▶ [Task] Your output should be the lines below from the one holding "Seitlicher Blick in" through the one holding "A RUSSIAN SILVER", transcribed exactly, with no pictures.

▶ [Given records]
§ §

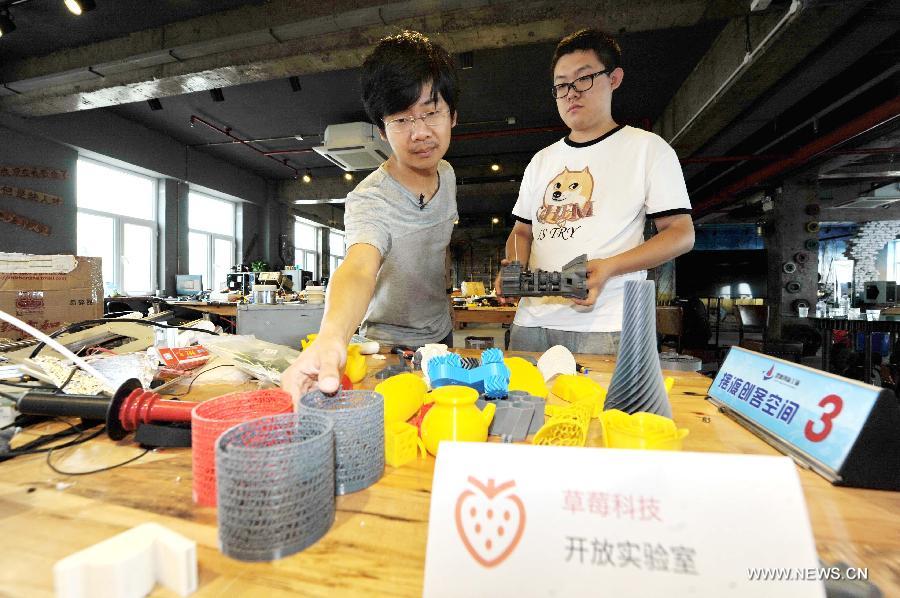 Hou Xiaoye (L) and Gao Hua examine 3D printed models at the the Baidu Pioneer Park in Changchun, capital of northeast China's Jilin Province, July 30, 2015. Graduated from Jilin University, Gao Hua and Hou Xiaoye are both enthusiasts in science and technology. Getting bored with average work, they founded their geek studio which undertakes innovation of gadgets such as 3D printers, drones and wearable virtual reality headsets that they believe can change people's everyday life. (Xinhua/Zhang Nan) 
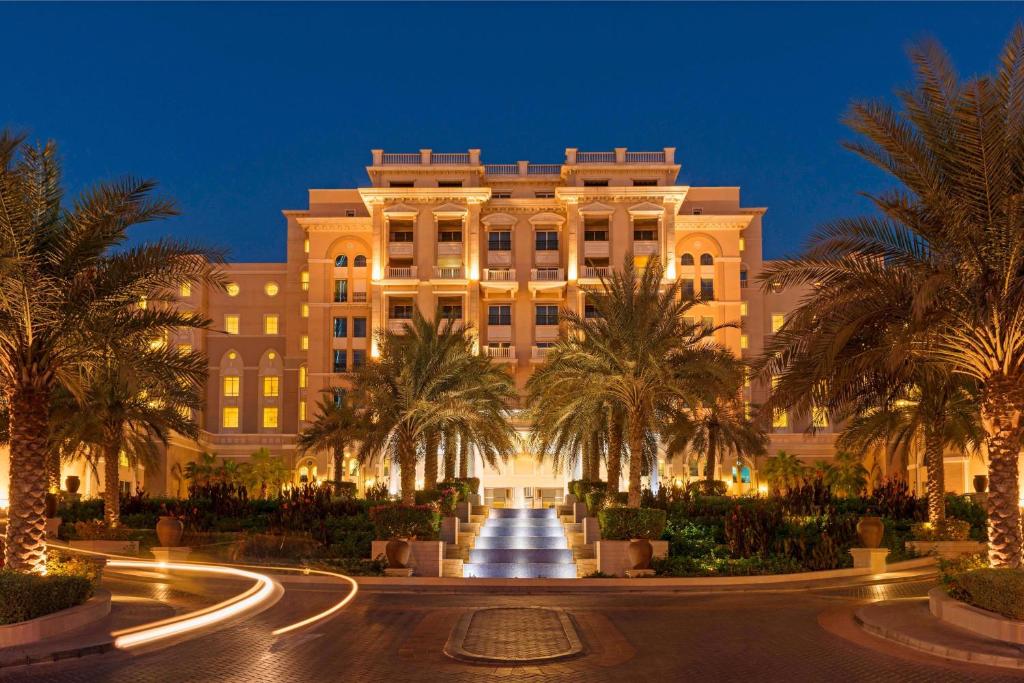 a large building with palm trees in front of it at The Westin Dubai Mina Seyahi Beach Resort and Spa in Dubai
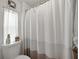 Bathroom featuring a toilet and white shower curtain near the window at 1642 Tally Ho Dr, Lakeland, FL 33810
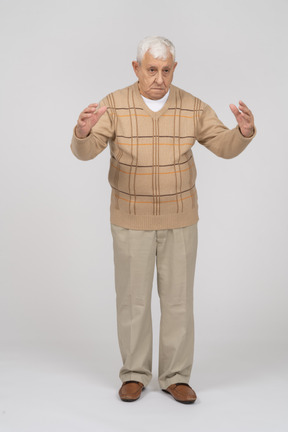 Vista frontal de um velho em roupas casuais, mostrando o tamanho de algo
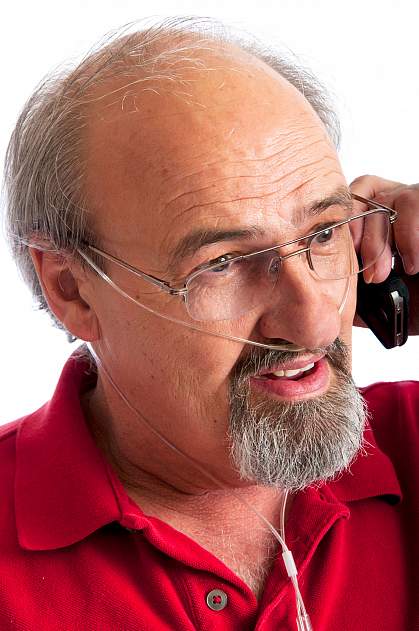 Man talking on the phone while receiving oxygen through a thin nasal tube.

§ §

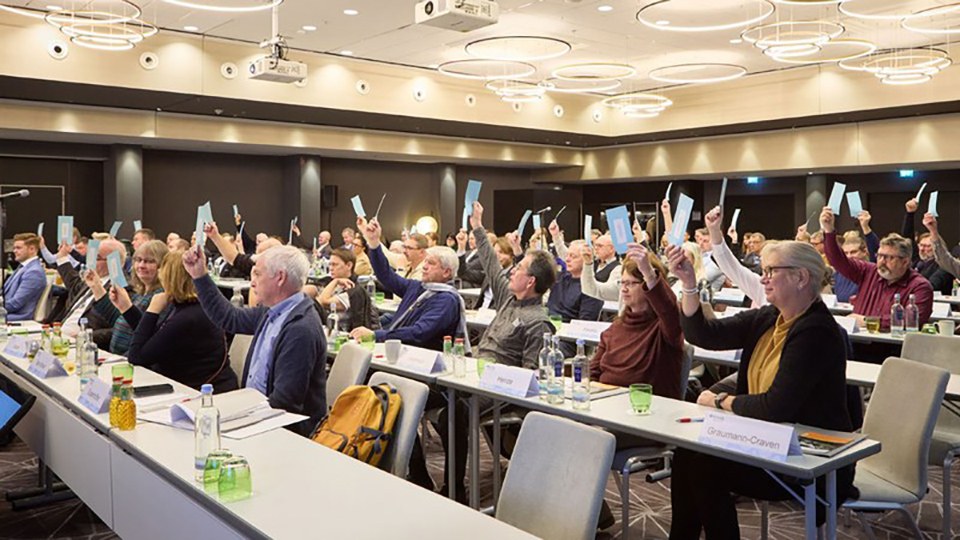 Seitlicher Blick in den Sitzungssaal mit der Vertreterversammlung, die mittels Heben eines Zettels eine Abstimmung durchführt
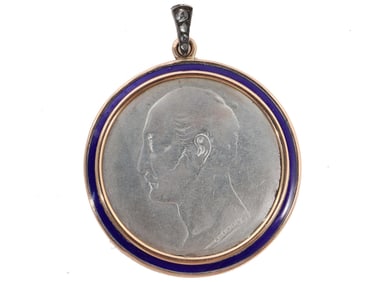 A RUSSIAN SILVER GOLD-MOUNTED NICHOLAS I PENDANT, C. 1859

§ §

▶ [Output for this task]
 Seitlicher Blick in den Sitzungssaal mit der Vertreterversammlung, die mittels Heben eines Zettels eine Abstimmung durchführt
 A RUSSIAN SILVER GOLD-MOUNTED NICHOLAS I PENDANT, C. 1859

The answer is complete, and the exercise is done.